How to complete this task
Write out again, unchanged, the line that has "A happy wooden" and each following line through the end of the entries below; leave pictures out.

____ Records for the task

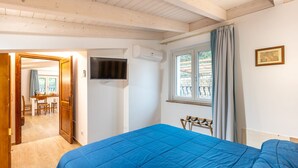 Ein Schlafzimmer mit einem großen Bett, einem an der Wand montierten Fernseher, einem Fenster mit Vorhängen und einer Tür, die auf einen Balkon führt.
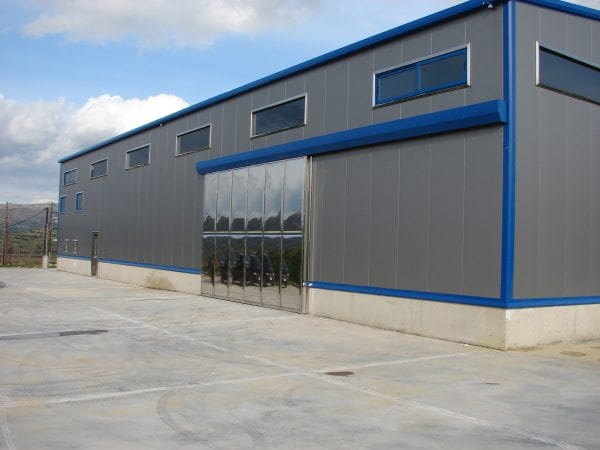 Steel building with gray panels, blue trim and a stainless steel door in Karystos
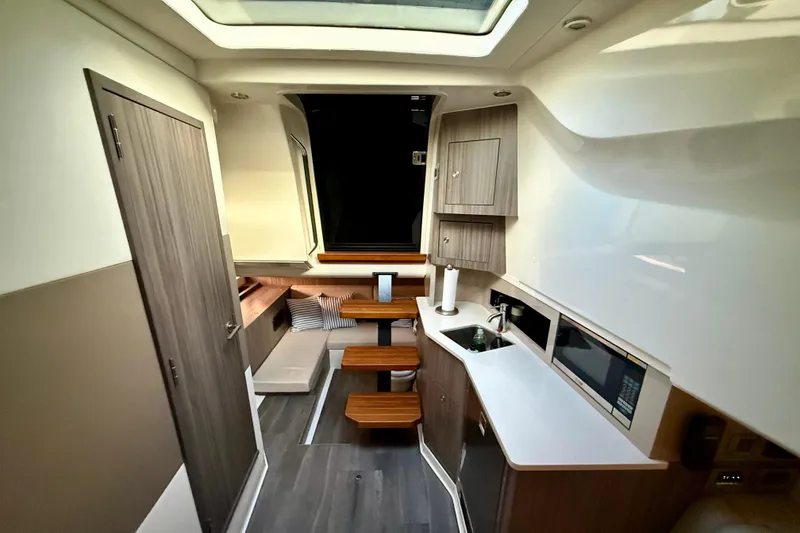 Slide: The Image of 2022 Sea Ray Sundancer 370 Outboard interior with modern kitchen and seating area. - 34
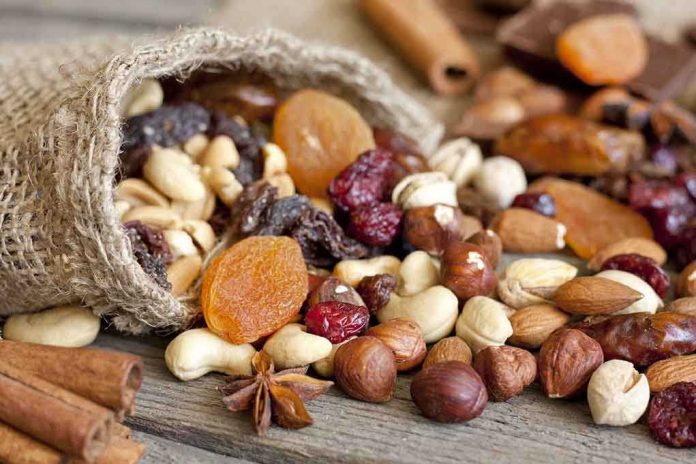 shutterstock_116210527.jpg A burlap sack spilling a variety of nuts and dried fruits on a wooden table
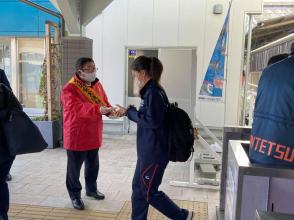 市長が赤の上着に黄色の襷をかけて、改札口を出てきたリュックを背負ったジャージ姿の女性に交通安全運動を行っている写真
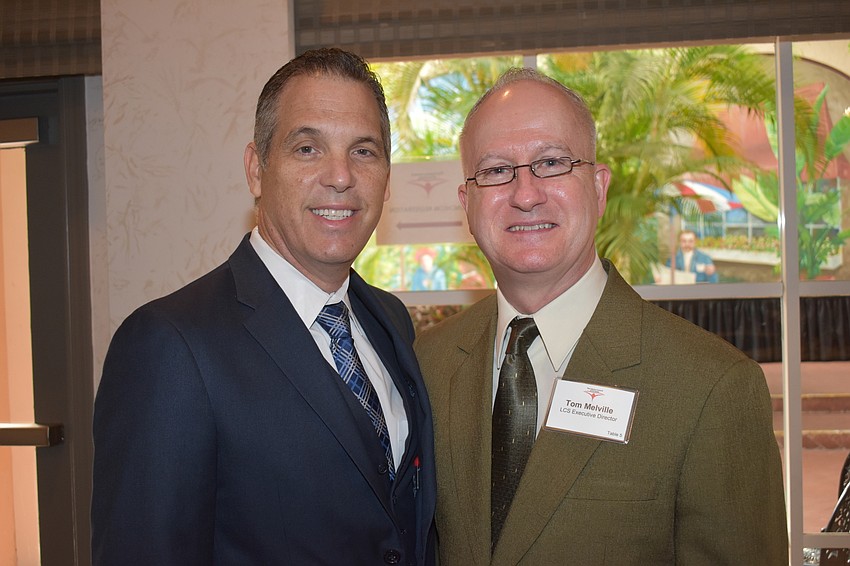 Literacy Council of Sarasota Board President Vincente Medine with LCS Executive Director Tom Melville
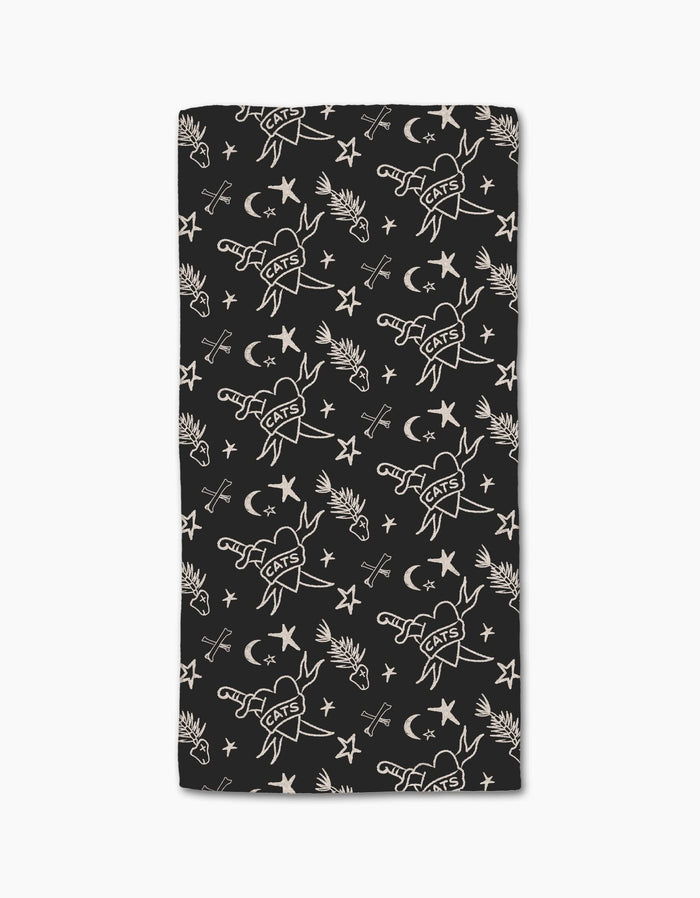 The Meow or Never bar towel by Cole Strem is a black, rectangular towel made from post-consumer recycled materials. It features white line art tattoo motifs—CATS hearts, birds, stars, moons, and flowers—on repeat.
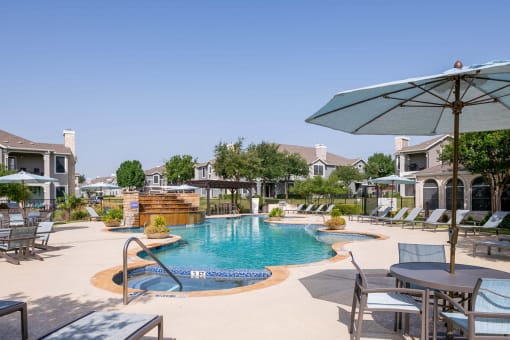 a swimming pool with patio furniture and umbrellas in front of a resort style at Orion Prosper Lakes, Prosper, TX, 75078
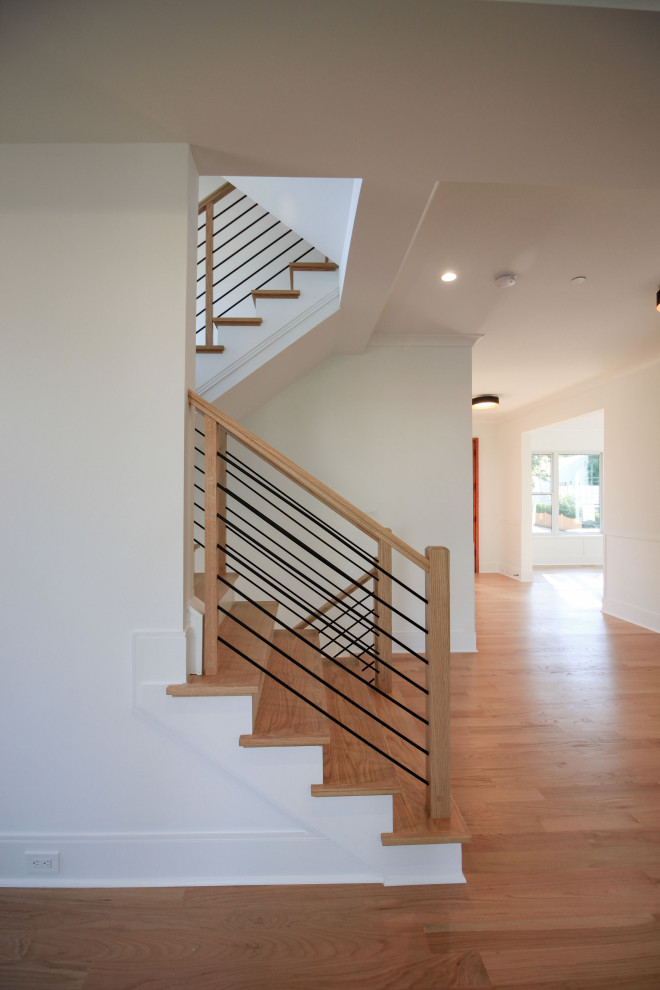 Design ideas for a mid-sized contemporary wood floating staircase in DC Metro with painted wood risers, mixed railing and planked wall panelling.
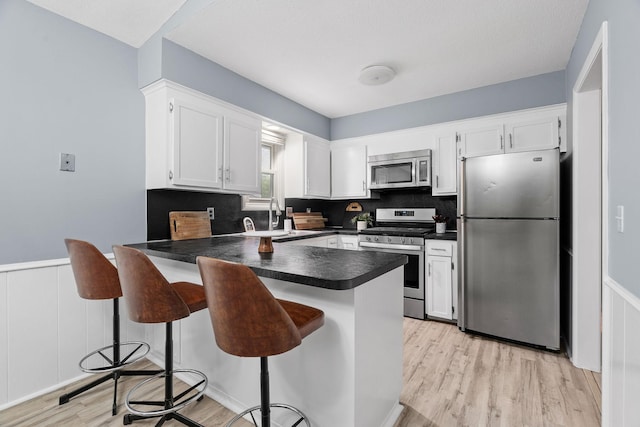 kitchen with light wood-style flooring, a sink, dark countertops, stainless steel appliances, and a peninsula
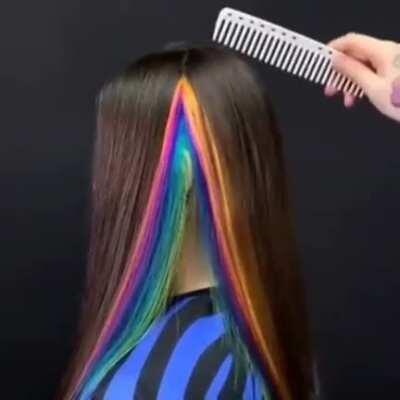 This rainbow hair coloring hidden under her natural hair.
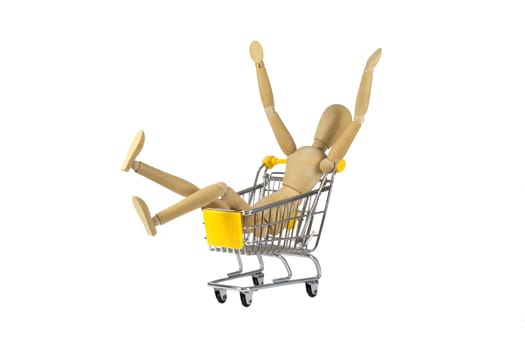 A happy wooden female doll in a shopping cart
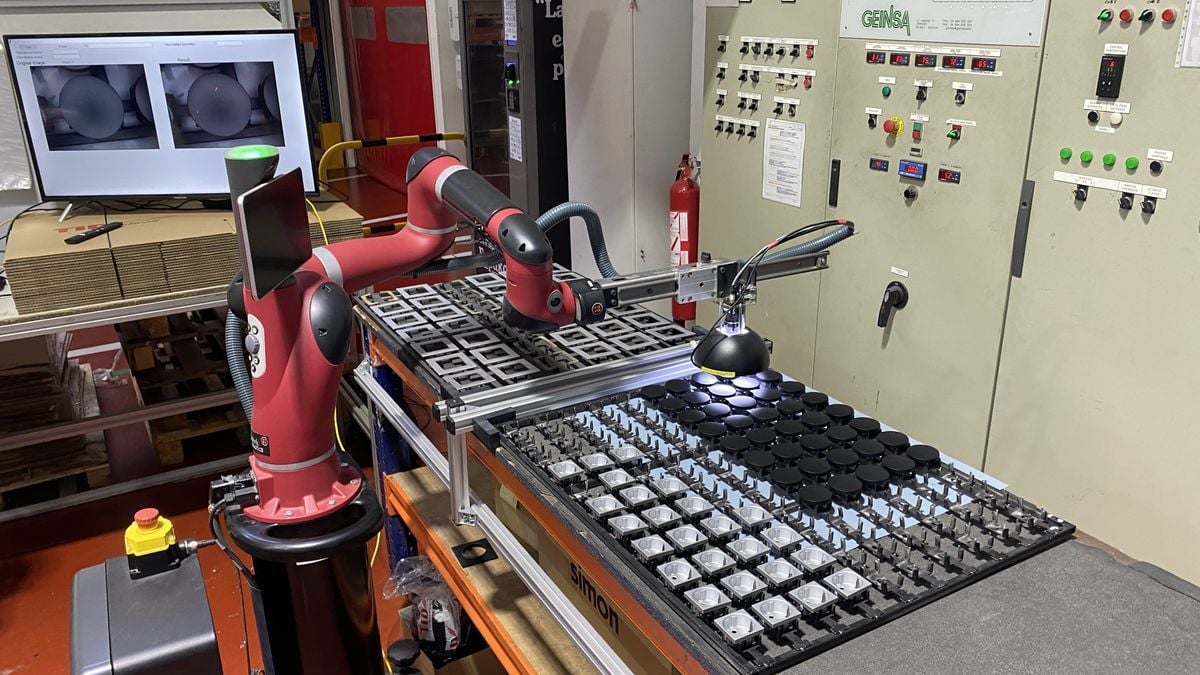 Brazo robot colocando piezas en un teclado.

________

Your response
 A happy wooden female doll in a shopping cart
 Brazo robot colocando piezas en un teclado.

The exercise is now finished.